La idea lo había asaltado en medio de la noche y no le había permitido conciliar el sueño de nuevo. Lo primero que había hecho esa mañana era revisar la solicitud de traspaso de pruebas que habían firmado Pio y Jacov Farel en la granja cuando el segundo entregó la pistola al detective. Todo era correcto y legal e implicaba que Pio había tenido la pistola en su poder y que ésta había desaparecido después junto con Harry Addison; pero no era éste el pensamiento que lo había mantenido despierto toda la noche. Roscani siempre había pensado que el padre Daniel llevaba consigo la Llama y que había un vínculo directo entre él y el comunista español Miguel Valera, el hombre a quien habían tendido una trampa para atribuirle el asesinato del cardenal vicario de Roma.
No obstante, y esto era lo que había desvelado a Roscani, ¿era posible que la pistola no hubiera pertenecido al padre Daniel, sino a otra persona del autocar, a alguien que se encontrase allí para matarle?

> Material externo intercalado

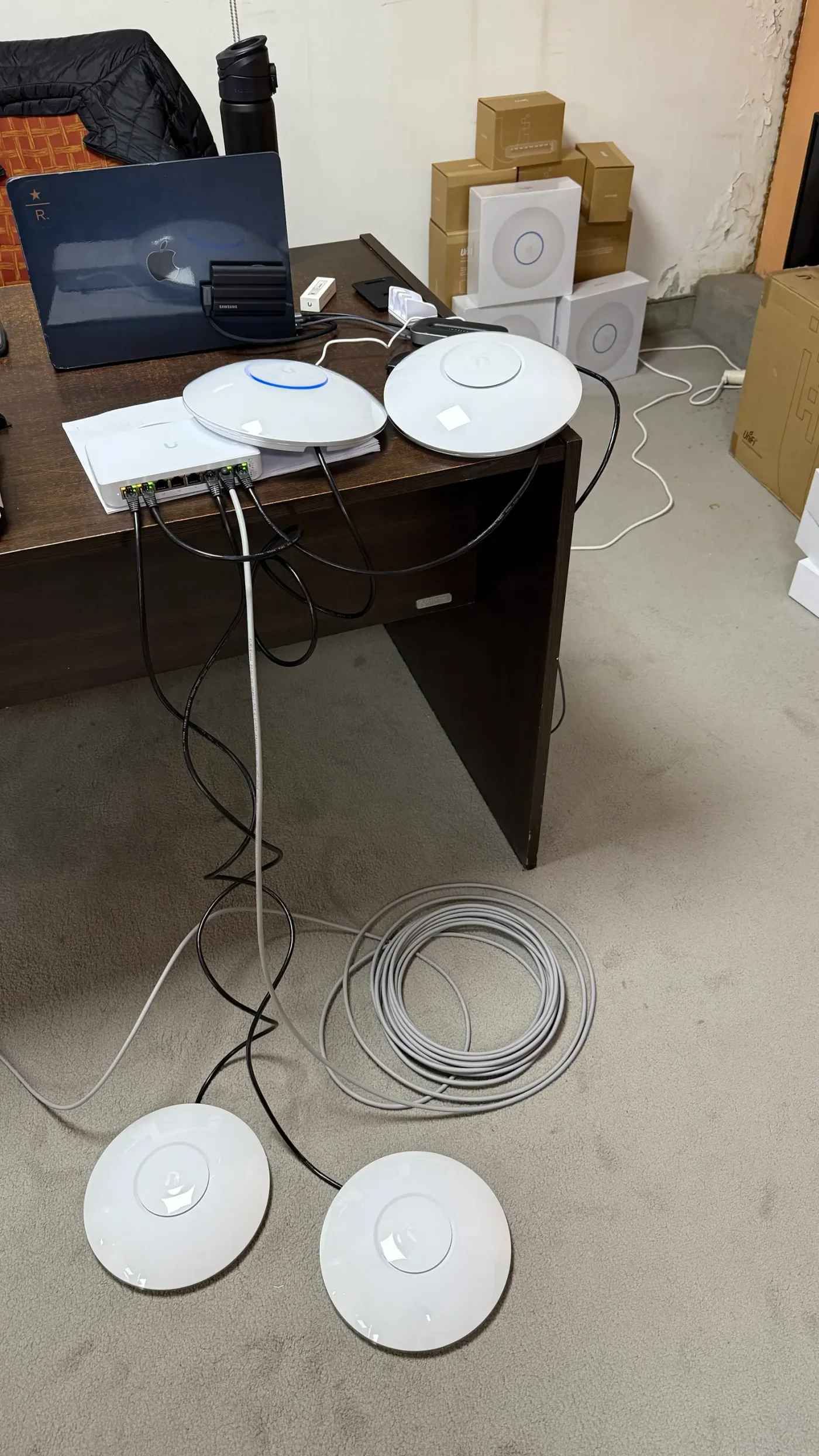Access points UniFi sobre un escritorio, listos para instalar en las habitaciones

Si éste fuera el caso, estarían investigando un crimen doble: el intento de asesinato del cura y el atentado contra el autocar.
El calor que había empezado a apretar la semana anterior seguía aumentando, la noche era tórrida y húmeda, pues incluso a esas horas la temperatura no descendía de los veintiocho grados.

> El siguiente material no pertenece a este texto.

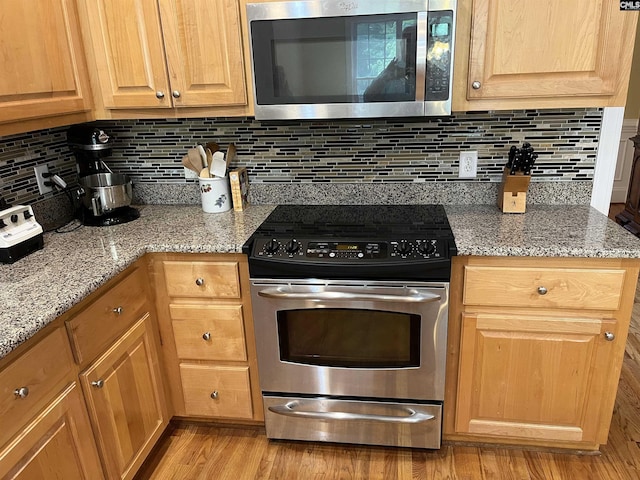 kitchen with light stone counters, appliances with stainless steel finishes, tasteful backsplash, and light wood-style flooring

El cardenal Marsciano decidió ponerse unos pantalones caquis y una camisa de manga corta para salir al patio interior de su apartamento e intentar aliviar la sensación de bochorno.
El haz de luz procedente de la biblioteca iluminaba los tomates y pimientos que había plantado a finales de abril, pero que habían madurado antes de tiempo a causa del calor y estaban casi listos para recoger. En realidad, no resultaba tan raro que las temperaturas fuesen altas, pues estaban en julio. Marsciano esbozó una sonrisa al evocar la pequeña granja de la Toscana donde vivió con sus padres, cuatro hermanos y tres hermanas. El verano significaba dos cosas: por un lado, días muy largos en los que toda la familia se levantaba antes del alba para trabajar hasta el anochecer y, por otro, los escorpiones, miles de ellos. Había que barrer dos o tres veces al día para deshacerse de esos bichos, y uno jamás debía meterse en la cama ni ponerse ropa o zapatos sin revisarlos antes, pues la picadura del escorpión era dolorosa y sus efectos duraban largo tiempo. El alacrán era la única criatura de Dios que Marsciano detestaba antes de conocer a Palestrina.
Marsciano llenó la regadera de agua y humedeció la tierra de las plantas. Una vez completada la labor, se secó el sudor de la frente. La brisa no soplaba, y el calor seguía siendo agobiante. El calor.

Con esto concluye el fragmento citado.